Note:  This review was originally posted to my Epinions account.

It’s not often that I get to see an animated film in theaters.  I have to wait until school starts to even consider it.  There are some, like Cloudy With a Chance of Meatballs, that I want to see in theaters because they’re released in 3 D.  (Fortunately, it was released just after the start of the school year.)

The movie is about a man named Flint Lockwood.  He’s been an inventor since he could pick up two things and put them together.  (His mother was always more understanding of this than his father.)  Tim Lockwood wants his son to do something more practical, like get a job.  Flint’s not ready to give up inventing.  Yes, he takes a job, but manages to invent a machine that can turn water into food.

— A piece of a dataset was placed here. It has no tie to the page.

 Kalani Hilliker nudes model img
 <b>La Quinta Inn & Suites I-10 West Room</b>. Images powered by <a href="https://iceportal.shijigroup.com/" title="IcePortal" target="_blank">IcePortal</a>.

This is good for a town that has way too many sardines.  (The local sardine-packaging plant shut down, leaving the residents with plenty to eat.)  If all goes well, Flint will be able to dial up any food that he wants.  As you might expect, Flint’s initial experiment fails.  Not only does he embarrass himself, but there’s no food from water.  At least, not yet.

Eventually, a weather system moves in and starts pouring food on the island.  Everyone is happy.  Flint has gone from being the town joke to a hero, surpassing ‘Baby’ Brent in popularity.  (Baby Brent was the baby used in advertising for the packaging plant, his only claim to local fame.)

People are making all sorts of requests, from spaghetti and meatballs to filet mignon.  It isn’t long before problems start appearing and Flint realizes he has to shut everything down.  Not so easy for a town that has become dependent on his invention and an invention that doesn’t want to be shut down.

The movie is pretty basic.  You have an unlikely hero who eventually has to make a difficult choice between finally being successful and doing the right thing.  It’s meant more for a younger audience.  (The movie is based on a children’s picture book.)  There are a few references that adults will get, but I can see a lot of adults feeling like they were dragged to see the movie.

I enjoyed watching it; don‘t get me wrong.  I have to admit that if I had to pick a movie to show adults to get them hooked on animation, this probably wouldn’t be it.  It’s a little too generic and safe to show that animation has the same range as live-action films.  The appearance of the characters was very exaggerated and cartoonish.  I could see this turning a lot of people away from animation.

It’s easy to identify with a main character that’s isolated.  He has a lot of good ideas, like spray-on shoes, that don’t work out.  Flint just wants to be accepted.  Even the love interest, Sam Sparks, is an intern looking for her big break as a reporter.  The mayor of the town is looking to recapture past glory with an amusement park, but co-opts Flint’s invention.  (Not exactly the acceptance that Flint wanted, but he’ll take it.)

The story is simple, yet entertaining.  At 90 minutes, it’s not too big of a commitment.  If you have kids or you like animated movies, I’d recommend renting it.